The dissolution of the village is part of the Countywide Shared Services Plan to develop a property tax savings plan. The dissolution could reduce the tax burden on its residents.
“In my opinion it will not save money,” Canajoharie village Mayor Francis Avery said.
The dissolution of the village means it will cease to exist; it will be absorbed by the town of Canajoharie.
According to the shared services plan draft given by Bill Roehr, if the dissolution happens, the position of the mayor, the village trustees and board trustees will be eliminated. All responsibilities will be taken over by the town. The town supervisor, Peter Vroman, will continue as the supervisor with no additional pay. Same goes for the town board. They will take over legislative responsibilities without a pay increase.
“All responsibility will shift towards the town,” Avery said.
The village would become its own special district to be created to cover cost of services.
Any village debt would remain the village’s responsibility and stay in the boundaries.
Avery said if the new district wanted garbage pick up or roads plowed during the winter, it would be taxed accordingly.
The possible future plans for the former Beech-Nut plant would be a shared municipal building.
On the Church Street side of the building would be a joint court facility and the other side of the building will be shared municipal offices.
“Because of Beech-Nut,” Avery said referring to why the village was chosen for the dissolution rather than any of the other municipalities. “It cost millions to take down a building.”
Covering the cost of the rehabilitation of the former Beech-Nut plant would be $8 million out of a $20 million award that could be possibly won from the Municipal Consolidation and Efficiency Competition for local governments. Montgomery county is one of six counties competing for the award.
Gov. Andrew M. Cuomo announced the Municipal Consolidation and Efficiency Competition last November.
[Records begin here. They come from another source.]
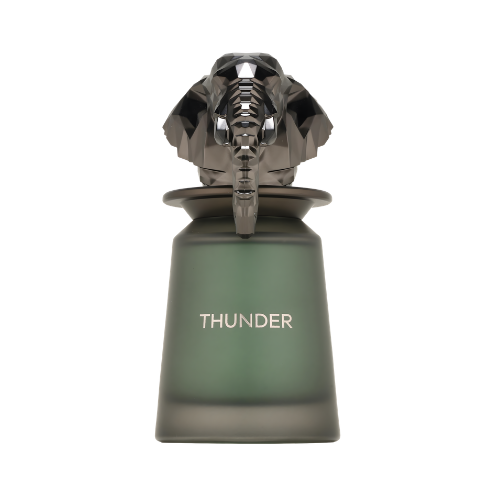 French Avenue Thunder perfume unisex 100 ml frasco moderno con diseño oscuro y carácter potente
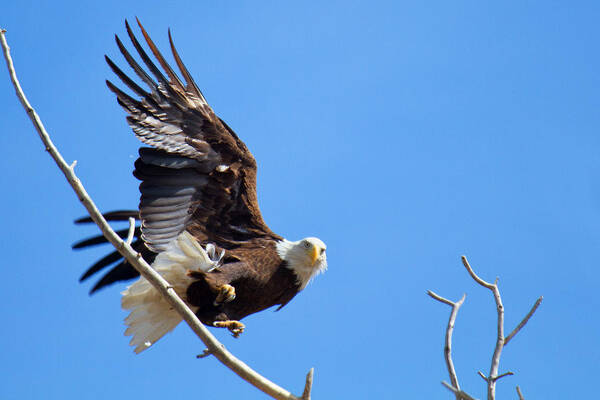 Soaring Art Print featuring the photograph Eye of the Eagle by Jim Garrison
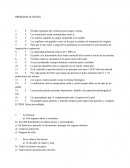 PREVENCIÓN DE RIESGOS PRIMEROS AUXILIOS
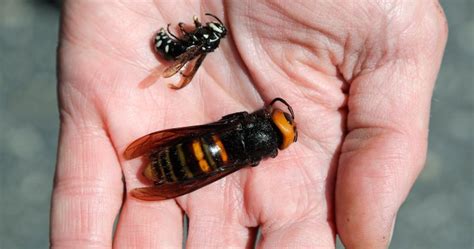 1st Live ‘murder Hornet Of 2021 Spotted Near Canada Us Border Globalnewsca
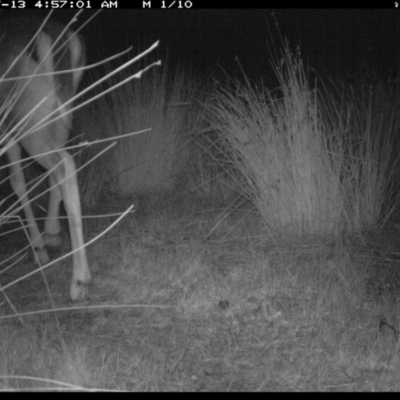 Dama dama (Fallow Deer) at Michelago, NSW - 12 Jul 2019 by Illilanga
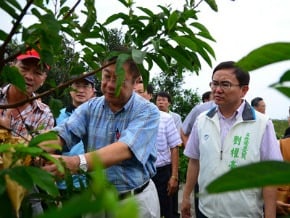 陳保基：台東農損達現金救助
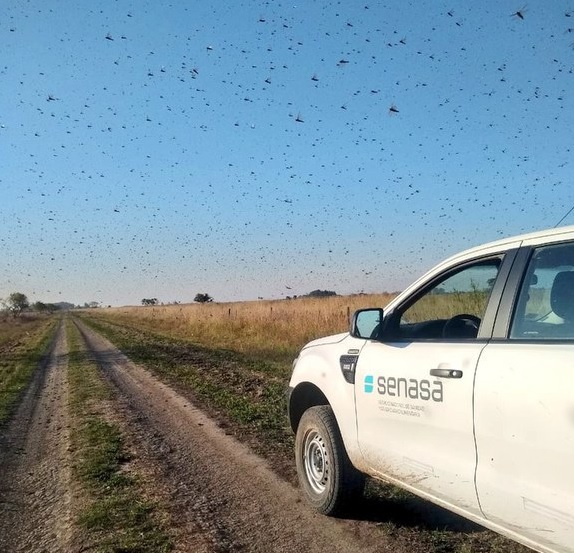 Nuvem de gafanhotos não entrou no Brasil, mas agricultura mantém alerta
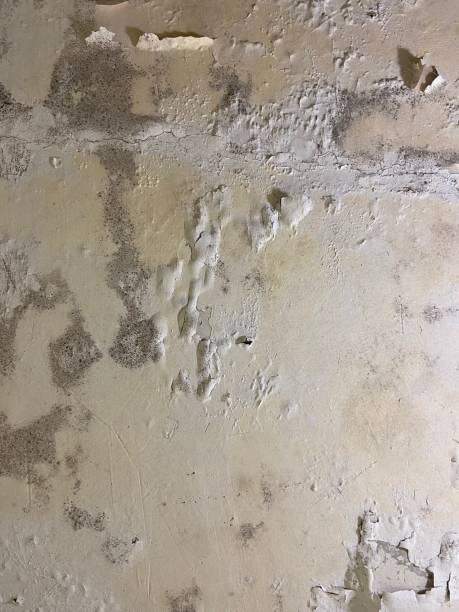 Best Mold Damage Repair  in Bay Pines, FL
The competition is made up of two phases.
Roehr, who has dedicated a lot of his time to the project, said the first phase was for counties to submit a initial proposal and the second phase was the selected six counties to submit the official proposal to be considered for the award.
There have been no decisions made yet for the dissolution of the village.
“We thought we should exam the dissolution and the implications instead of saying ‘No,’” Avery said.
The mayor said they plan to have more meetings and continue to examine the dissolution, so they can have a solid plan before putting it to a vote.
“There are lots of questions to be answered,” Avery said.